- Aim of the task: The answer must be only the lines below from the one holding "Pantalón médico Easy" down to the one holding "JEJOT Solar Lights", ends included, printed exactly; please omit all pictures.

- Information:
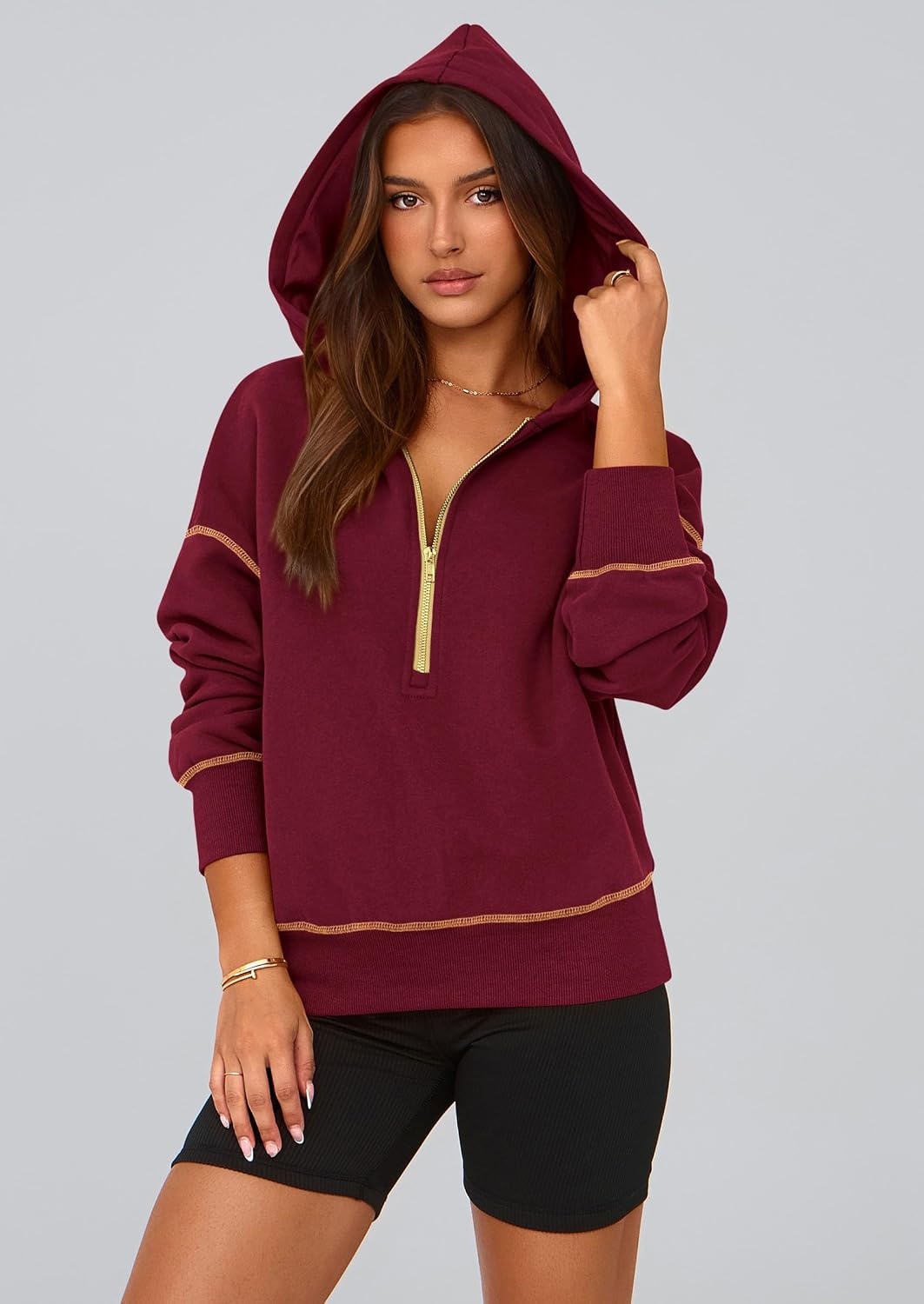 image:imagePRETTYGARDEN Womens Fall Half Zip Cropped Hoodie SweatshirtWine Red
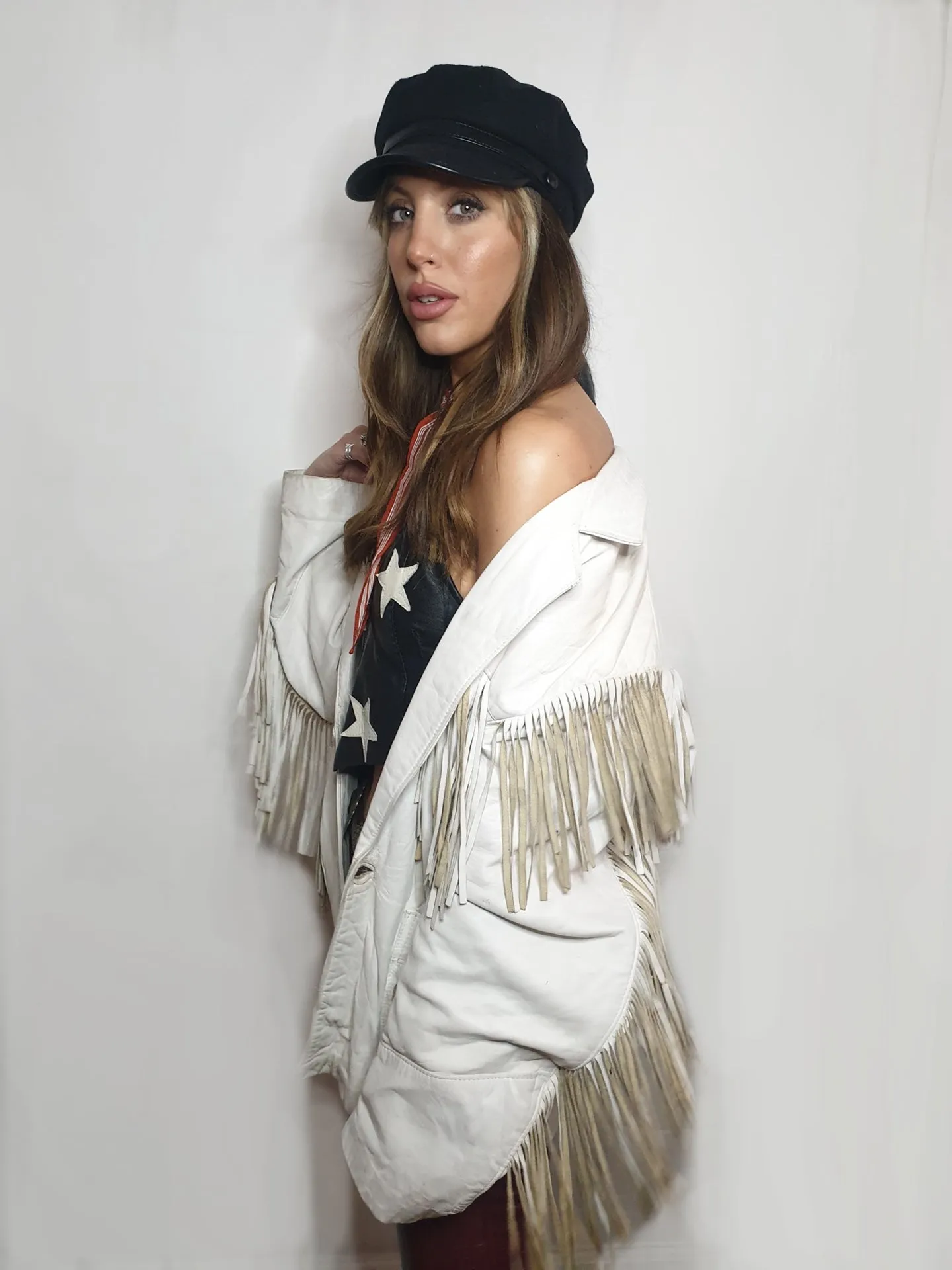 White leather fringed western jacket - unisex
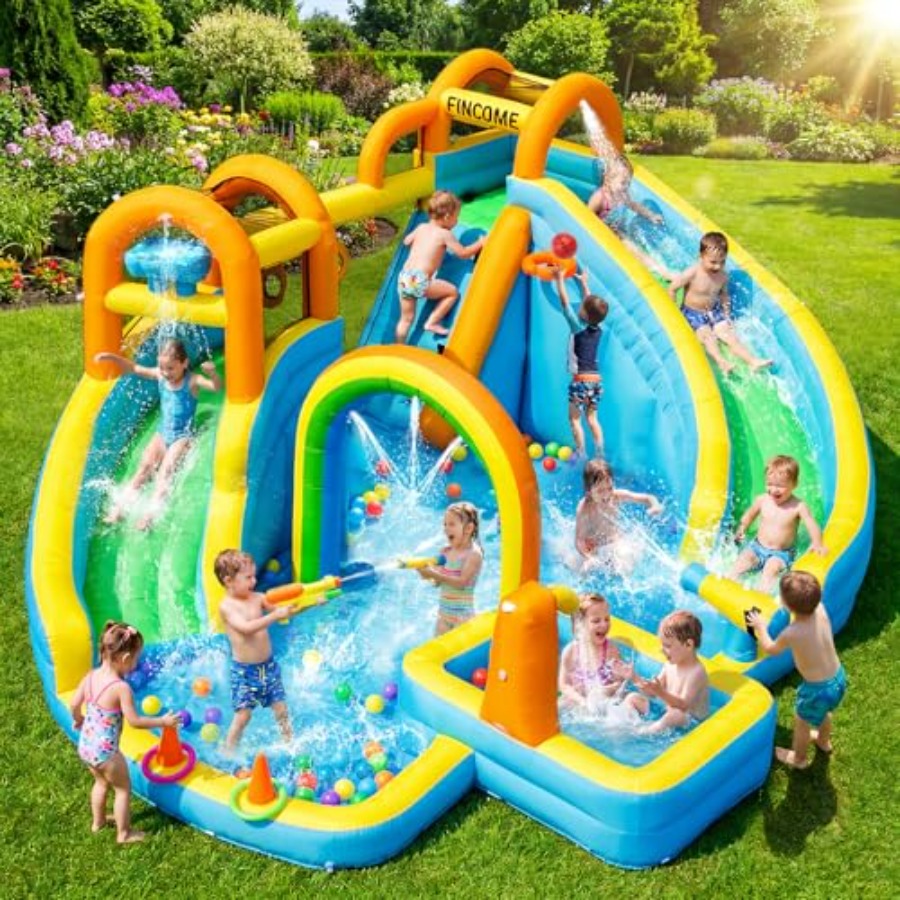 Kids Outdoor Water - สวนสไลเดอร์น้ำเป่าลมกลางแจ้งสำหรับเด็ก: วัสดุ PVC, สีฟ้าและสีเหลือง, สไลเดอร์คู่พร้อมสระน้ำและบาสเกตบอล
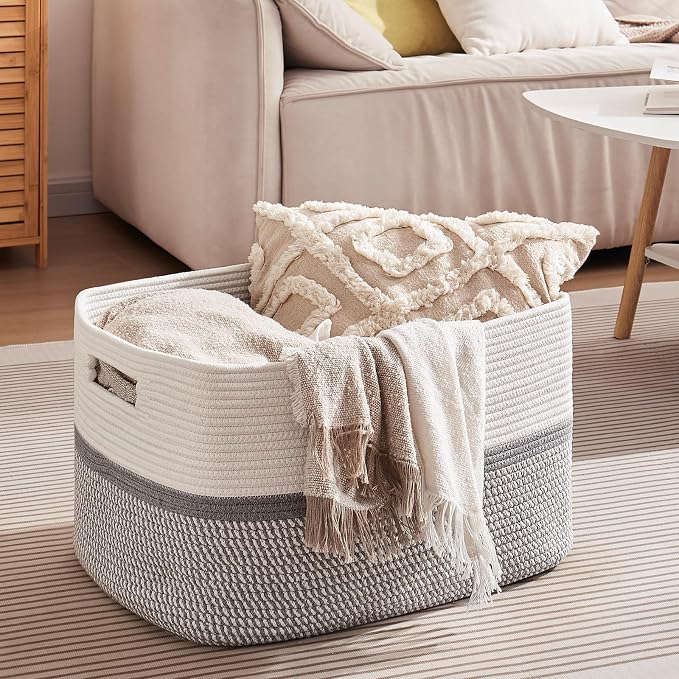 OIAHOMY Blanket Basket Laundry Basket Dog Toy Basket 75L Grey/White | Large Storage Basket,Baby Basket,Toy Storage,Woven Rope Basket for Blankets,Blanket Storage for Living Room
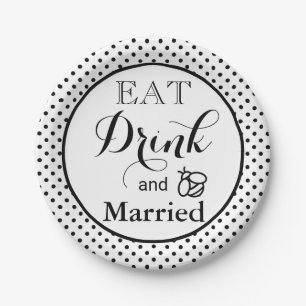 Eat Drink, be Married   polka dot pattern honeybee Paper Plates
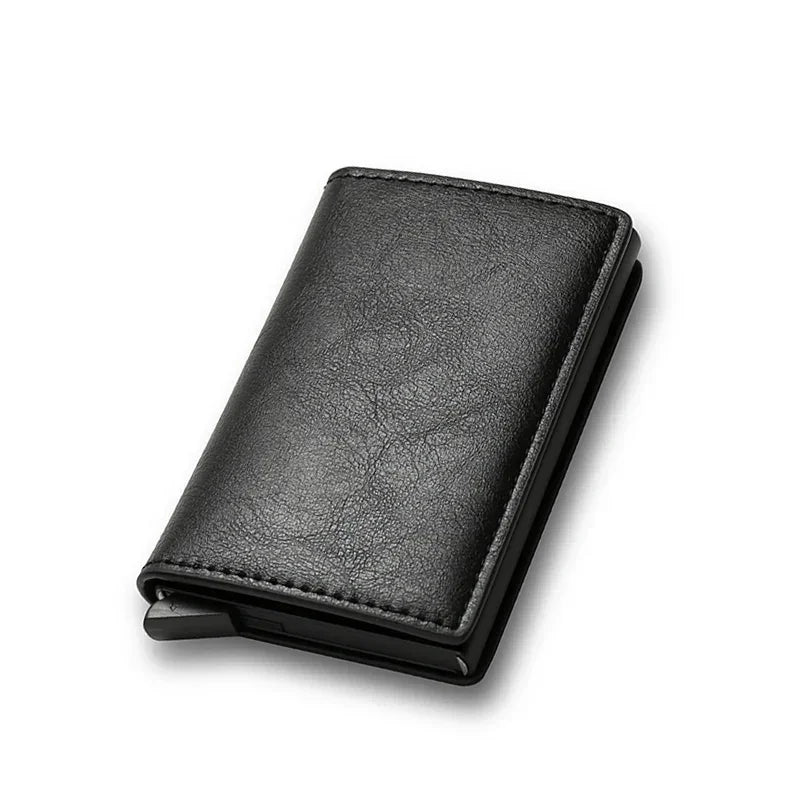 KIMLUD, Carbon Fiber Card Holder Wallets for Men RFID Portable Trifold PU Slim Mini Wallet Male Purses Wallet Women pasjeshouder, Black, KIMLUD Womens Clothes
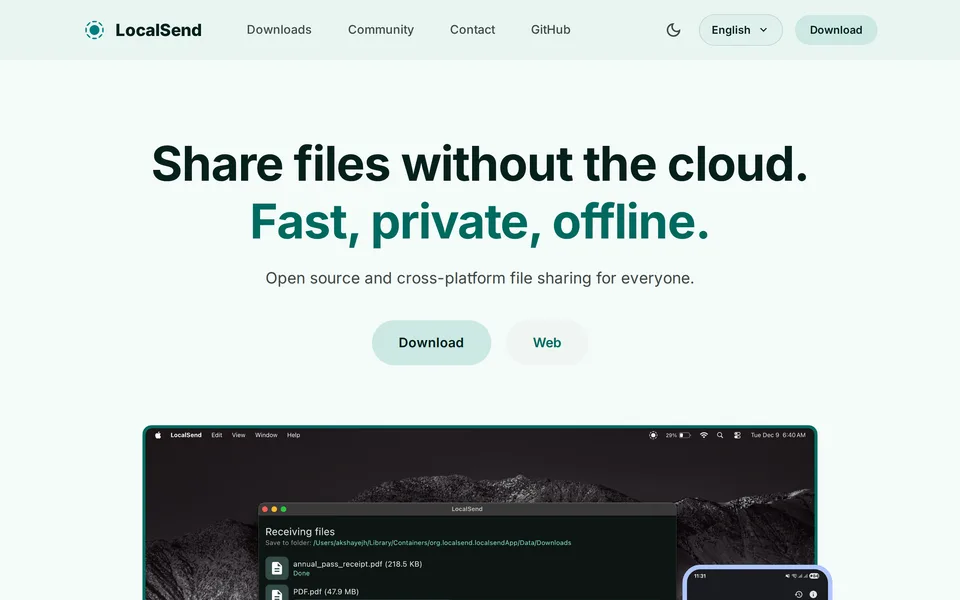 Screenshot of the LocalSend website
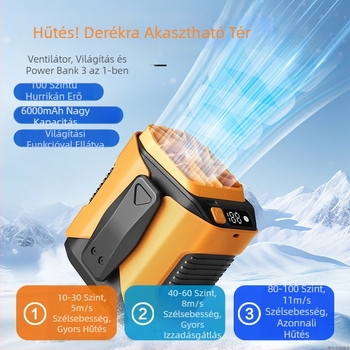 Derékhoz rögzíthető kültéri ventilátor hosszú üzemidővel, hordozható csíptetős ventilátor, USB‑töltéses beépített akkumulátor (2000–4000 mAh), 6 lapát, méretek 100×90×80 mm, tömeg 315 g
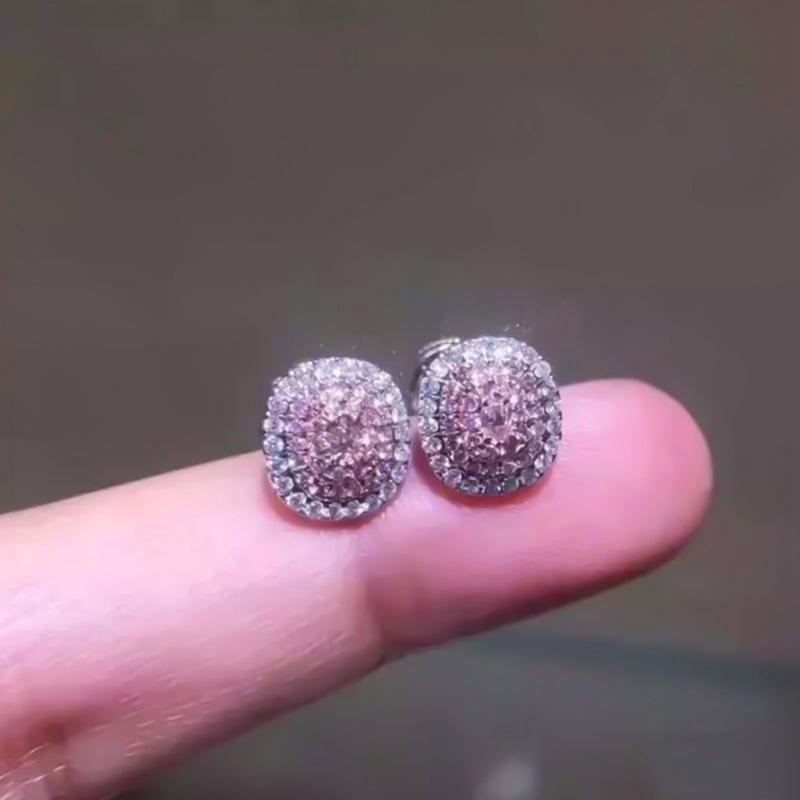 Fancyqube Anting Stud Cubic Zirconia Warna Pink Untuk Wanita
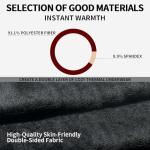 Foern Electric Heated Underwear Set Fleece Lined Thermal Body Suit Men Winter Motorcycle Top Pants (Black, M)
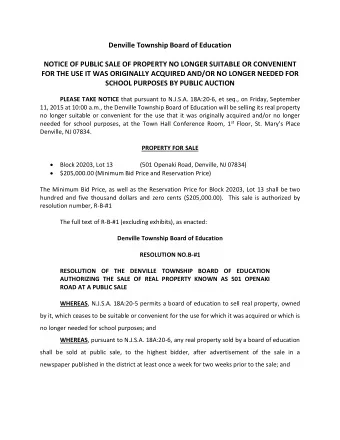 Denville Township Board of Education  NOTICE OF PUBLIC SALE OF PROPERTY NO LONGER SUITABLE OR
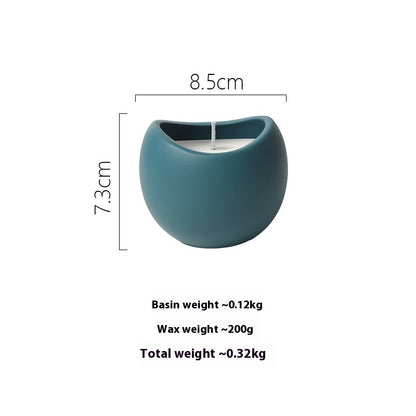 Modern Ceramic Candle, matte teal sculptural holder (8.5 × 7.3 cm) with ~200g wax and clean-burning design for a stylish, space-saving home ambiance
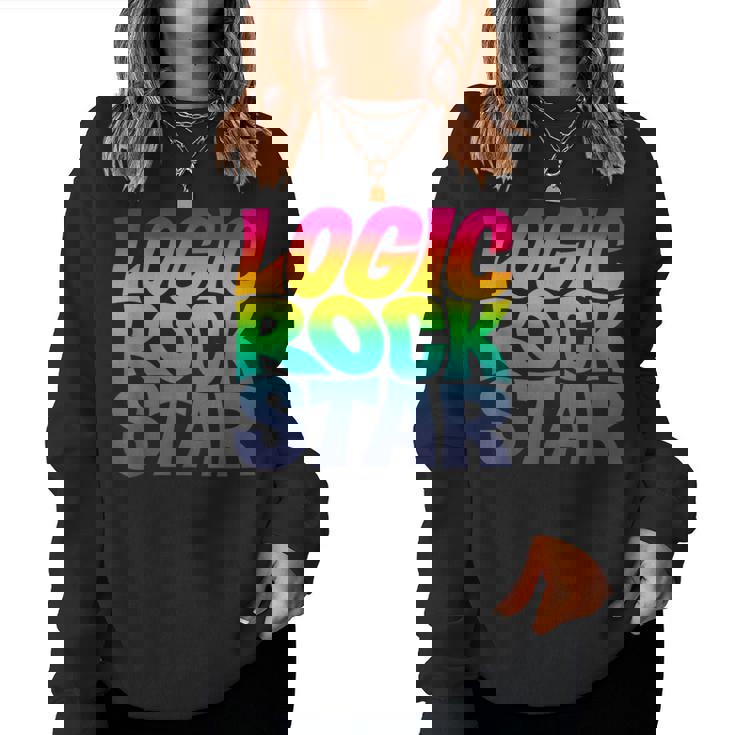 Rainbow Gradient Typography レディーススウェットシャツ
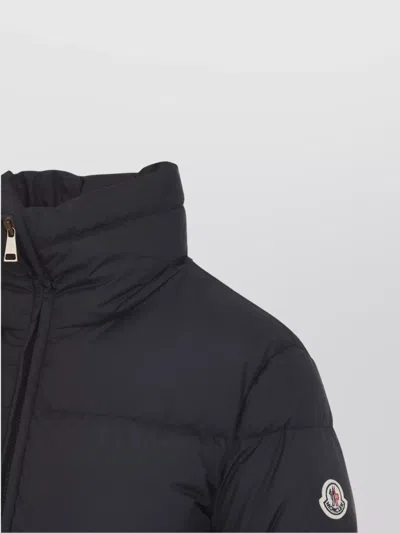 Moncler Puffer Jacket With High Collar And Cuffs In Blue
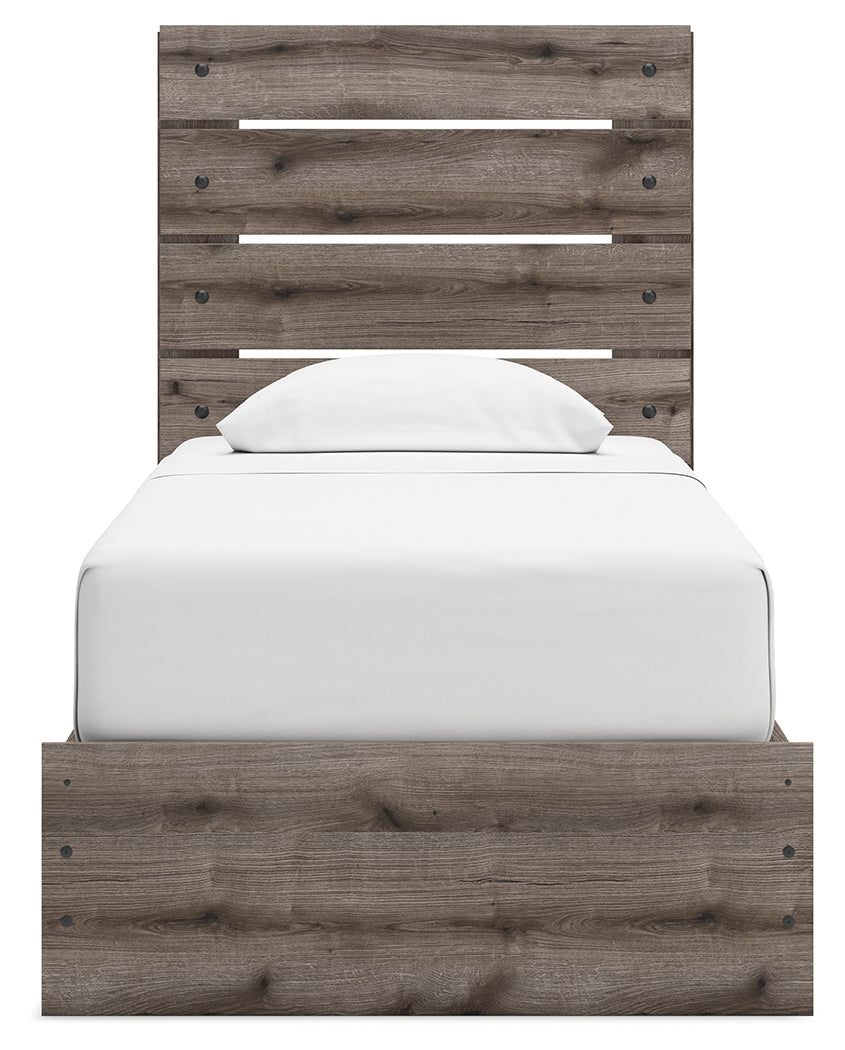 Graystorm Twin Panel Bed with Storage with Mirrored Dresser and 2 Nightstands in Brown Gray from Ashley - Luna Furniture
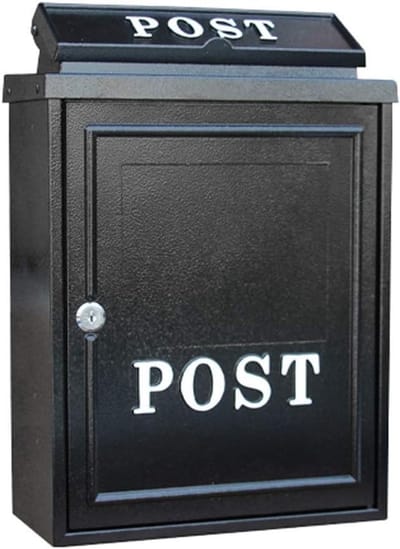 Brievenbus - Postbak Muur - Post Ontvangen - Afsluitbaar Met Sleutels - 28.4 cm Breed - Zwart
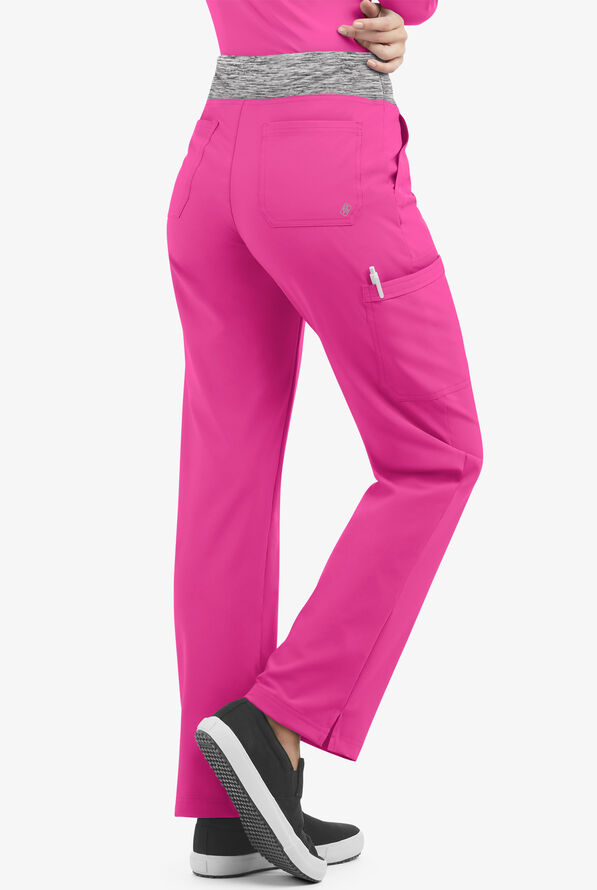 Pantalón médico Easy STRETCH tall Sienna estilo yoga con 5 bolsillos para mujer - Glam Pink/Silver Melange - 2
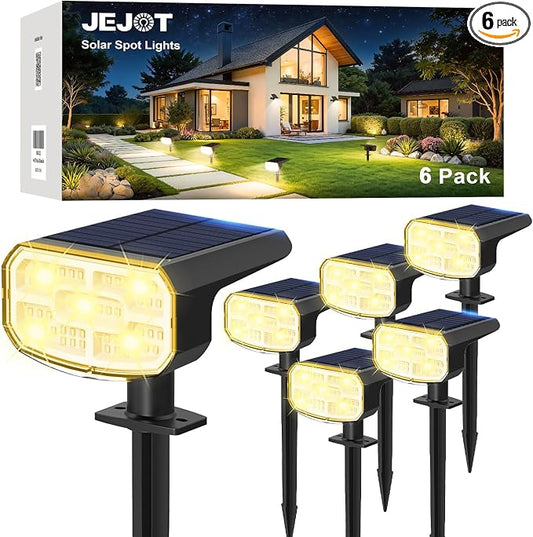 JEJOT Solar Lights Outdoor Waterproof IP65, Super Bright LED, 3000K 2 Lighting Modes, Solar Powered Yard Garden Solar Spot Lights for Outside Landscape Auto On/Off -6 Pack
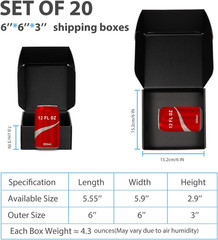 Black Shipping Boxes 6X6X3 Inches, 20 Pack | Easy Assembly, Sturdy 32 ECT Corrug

- Answer box:
 Pantalón médico Easy STRETCH tall Sienna estilo yoga con 5 bolsillos para mujer - Glam Pink/Silver Melange - 2
 JEJOT Solar Lights Outdoor Waterproof IP65, Super Bright LED, 3000K 2 Lighting Modes, Solar Powered Yard Garden Solar Spot Lights for Outside Landscape Auto On/Off -6 Pack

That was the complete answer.